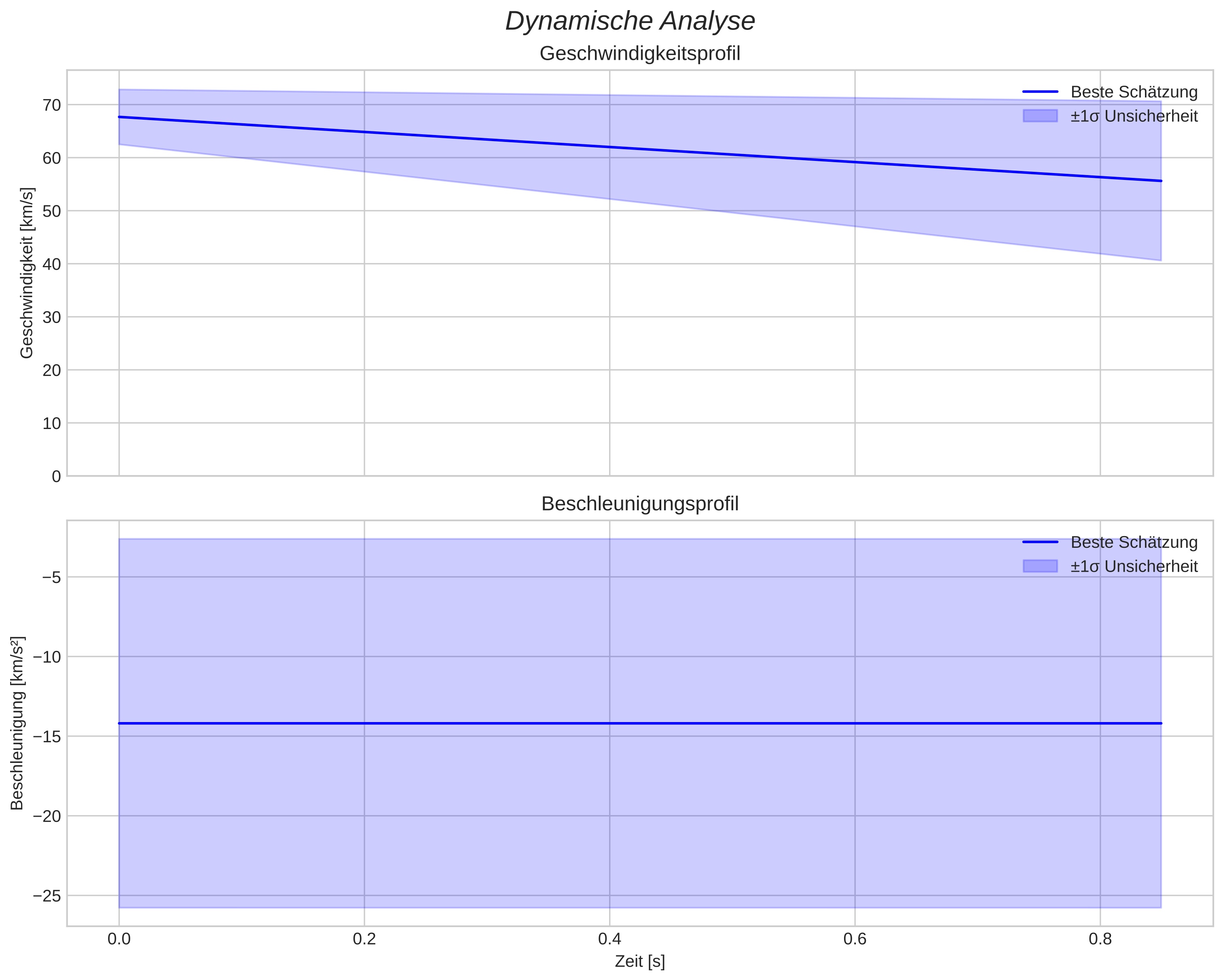 speed and acceleration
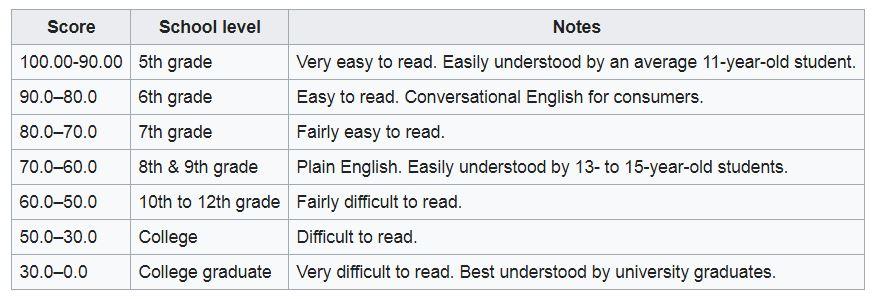 نتائج Flesch Reading Ease على مستوى الصف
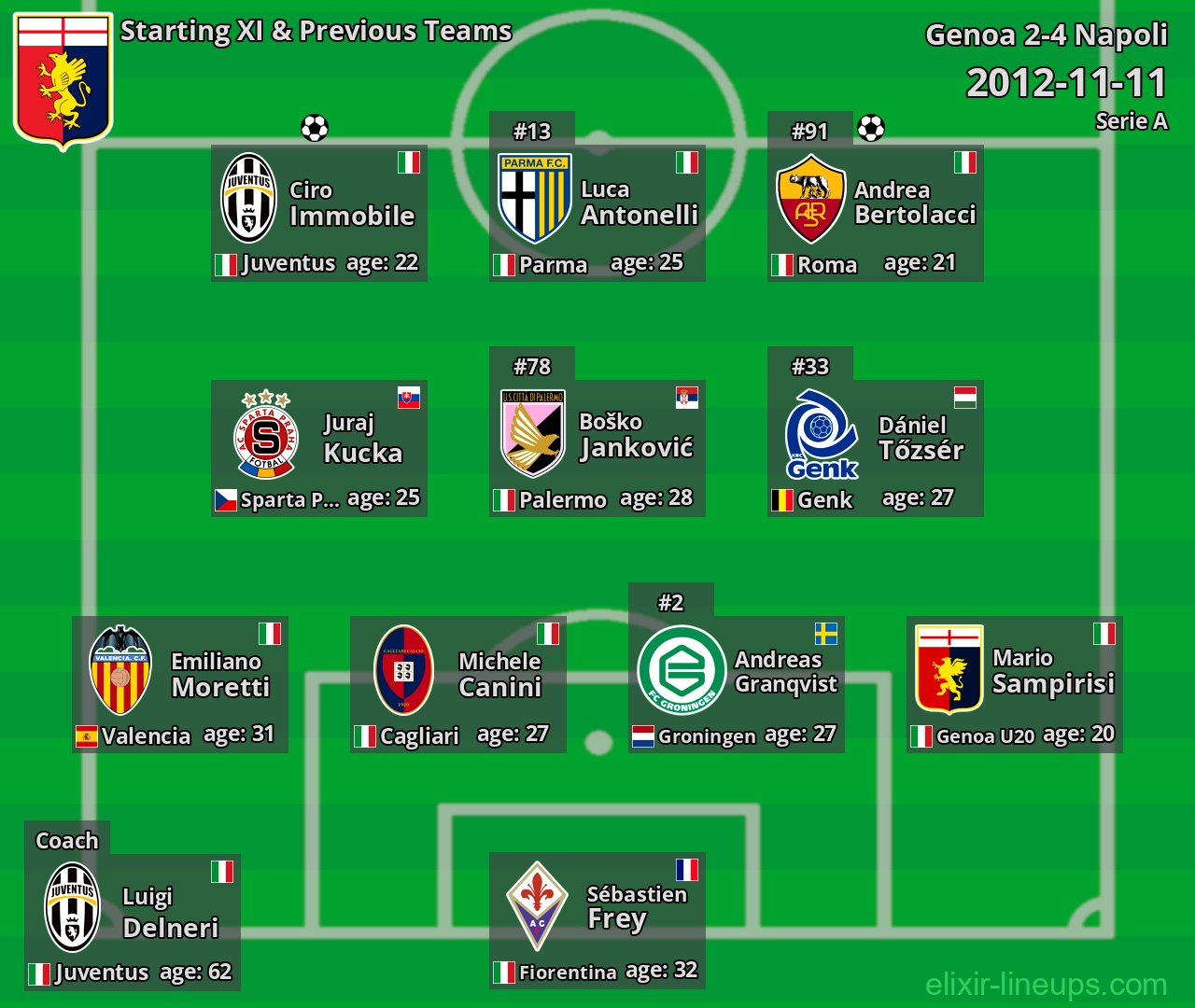 Genoa Starting XI & Previous Teams 2012-11-11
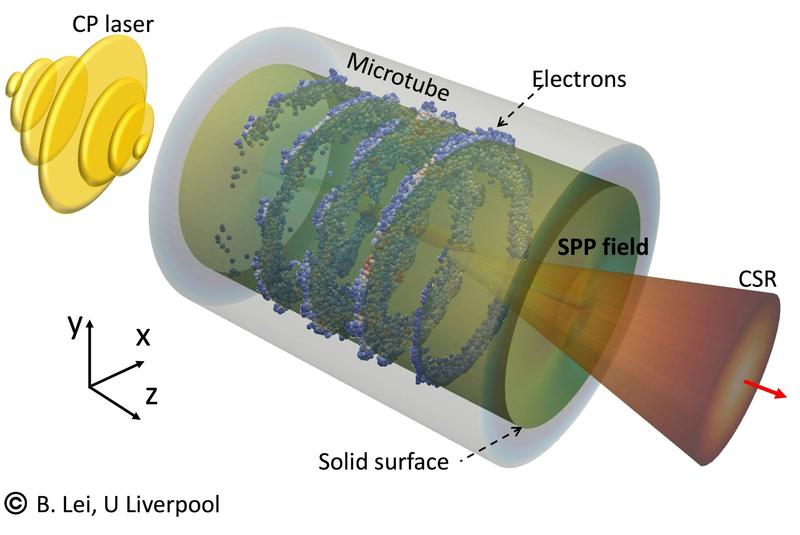 Tabletop particle accelerator could transform medicine and materials science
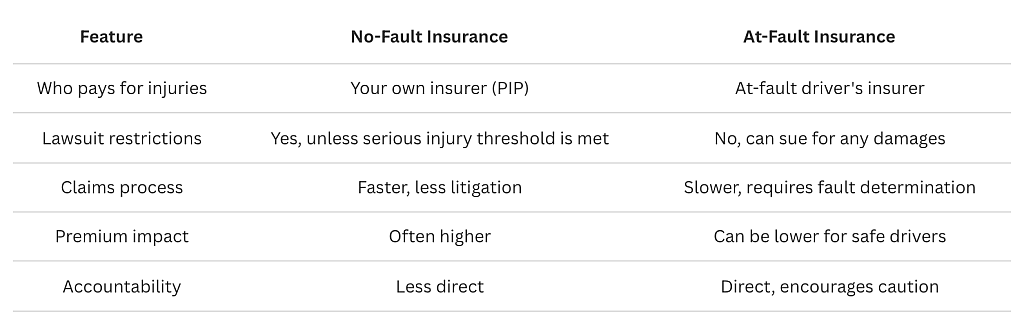 Chart comparing car insurance types.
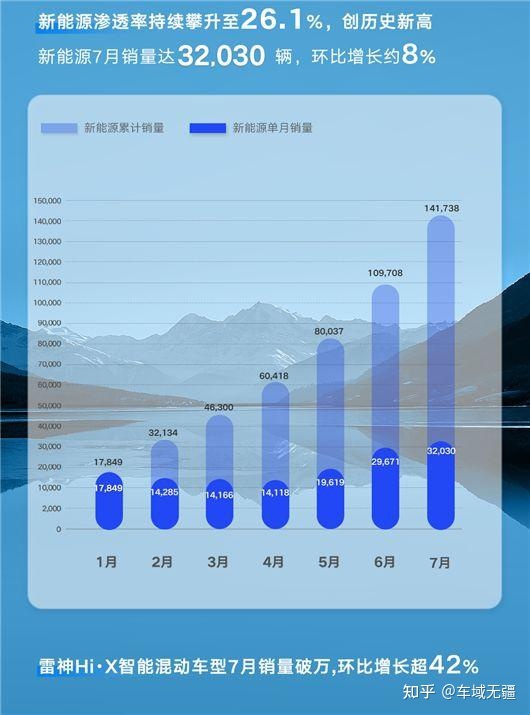 2022suv汽车销量排行榜表6月_2018年3月suv销量排行_1月suv销量排行完整表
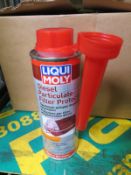 Liqui Moly diesel particulate filter protector, Liqui Moly common rail additive, Liqui Mol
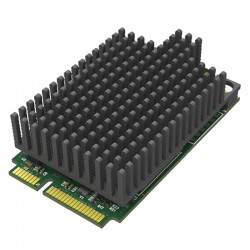 Pro capture mini SDI LH Magewell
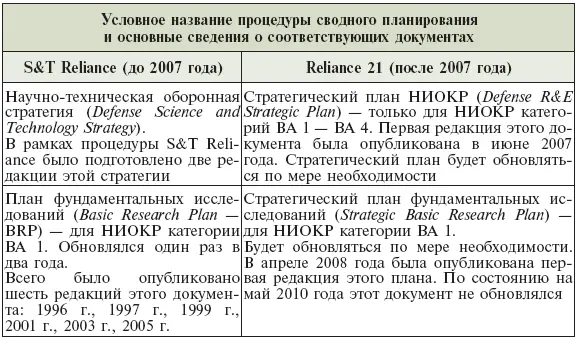 Следует заметить что в измененной системе стратегического сводного - фото 27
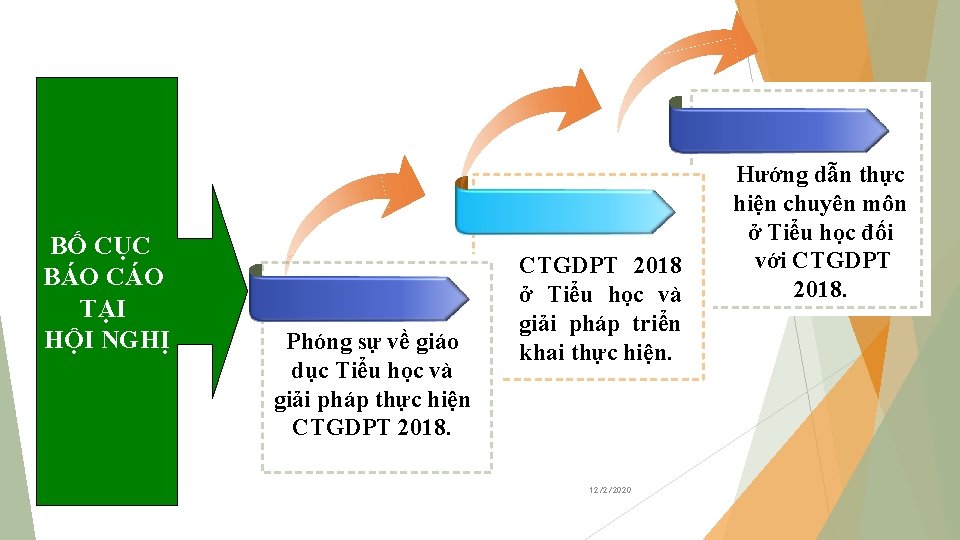 BỐ CỤC BÁO CÁO TẠI HỘI NGHỊ Phóng sự về giáo dục Tiểu học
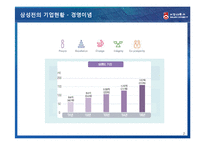 [인적자원관리] 삼성전자 R&D 인력 보상-4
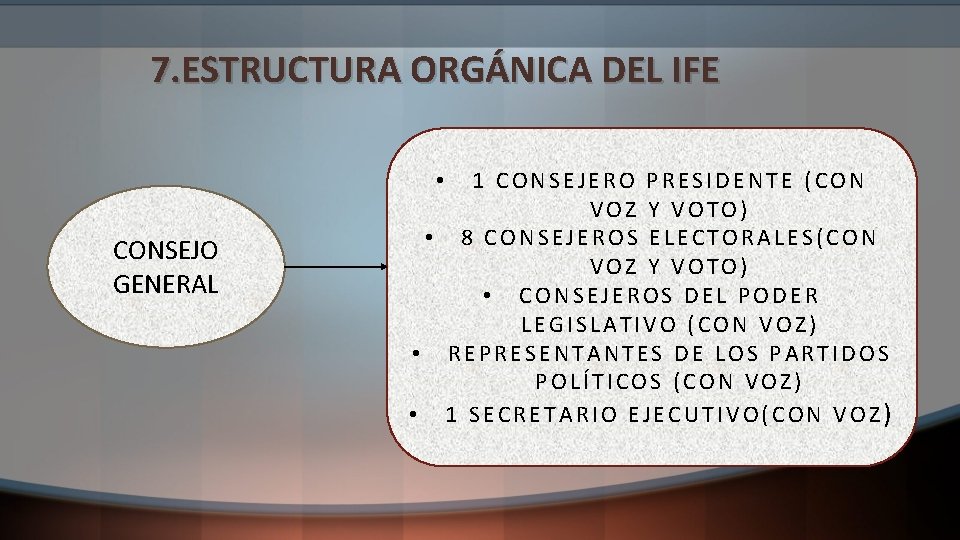 7. ESTRUCTURA ORGÁNICA DEL IFE 1 CONSEJERO PRESIDENTE (CON VOZ Y VOTO) • 8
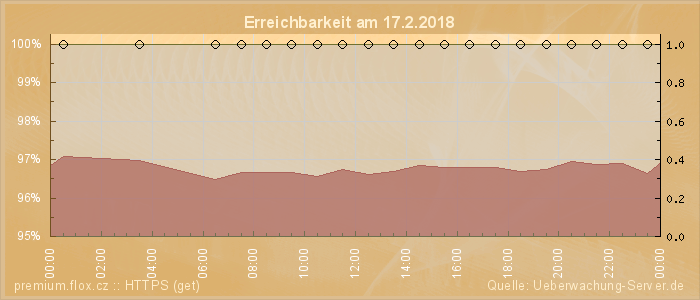 Grafik der Erreichbarkeit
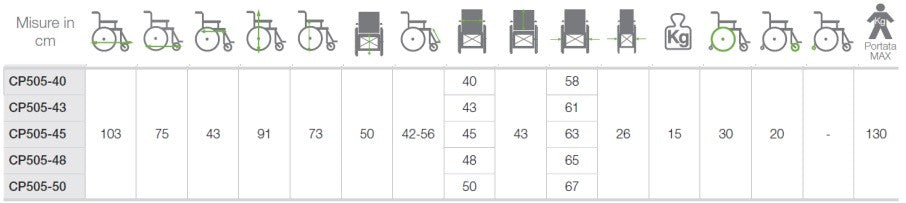Carrozzina pieghevole da Transito ARDEA One Go 2 CP505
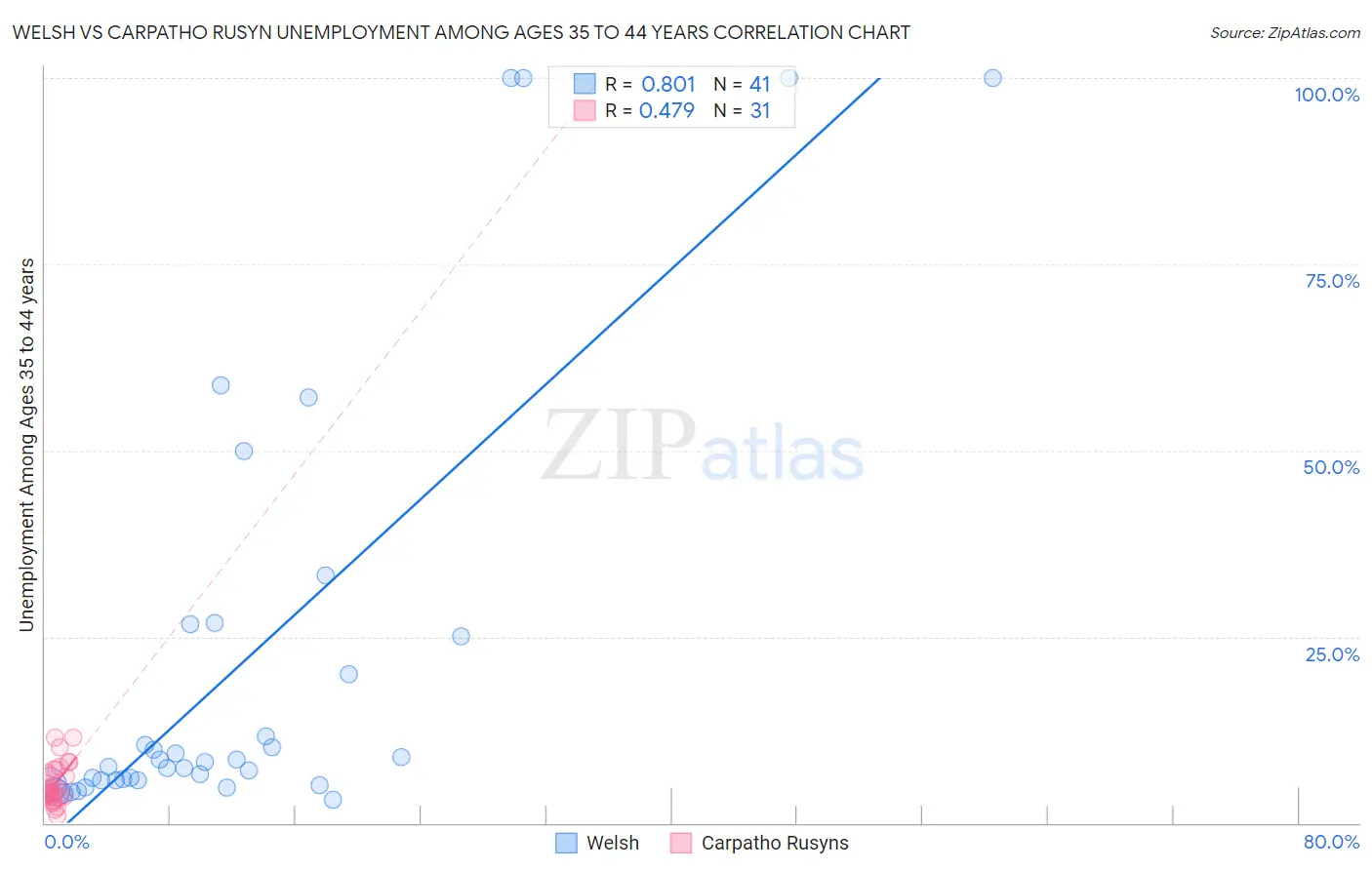 Welsh vs Carpatho Rusyn Unemployment Among Ages 35 to 44 years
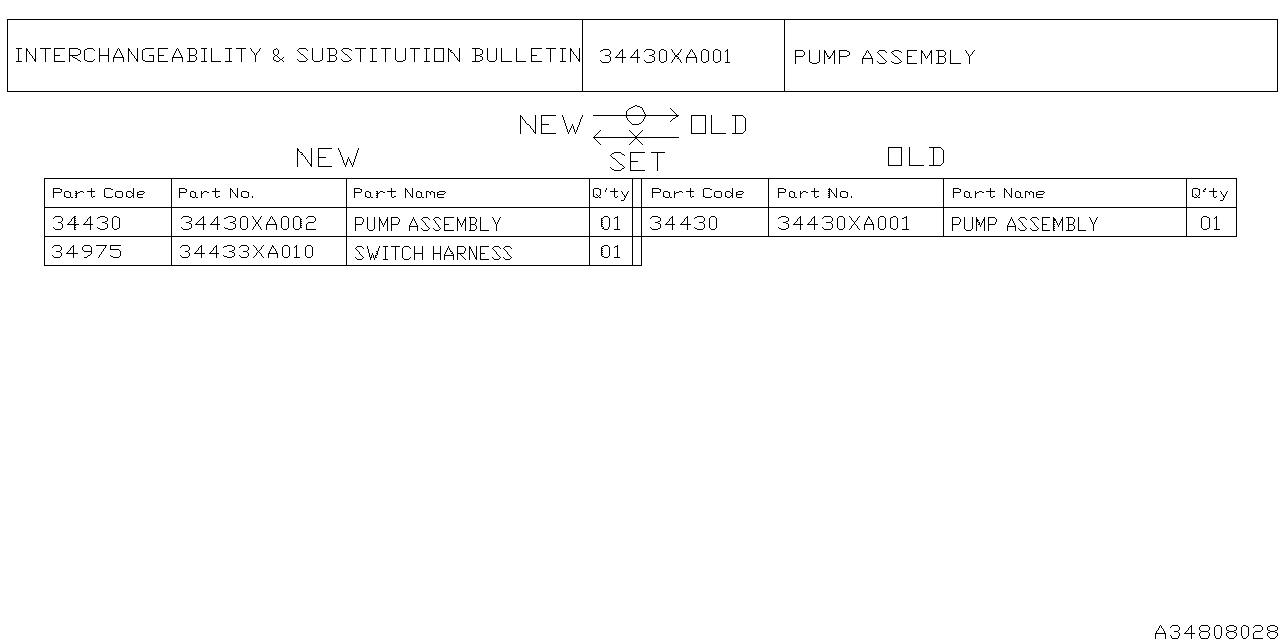 OIL PUMP Diagram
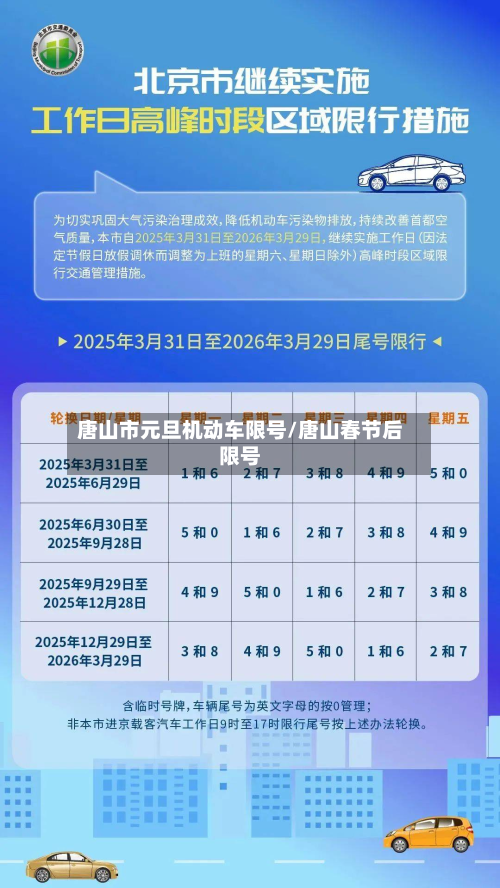 唐山市元旦机动车限号/唐山春节后限号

-=-=-

== TASK GOAL ==
What you output must be exactly the lines from the line with "Carrozzina pieghevole da" through the last line of the listing, pictures excluded.

== RESULT BELOW ==
Carrozzina pieghevole da Transito ARDEA One Go 2 CP505
 Welsh vs Carpatho Rusyn Unemployment Among Ages 35 to 44 years
 OIL PUMP Diagram
 唐山市元旦机动车限号/唐山春节后限号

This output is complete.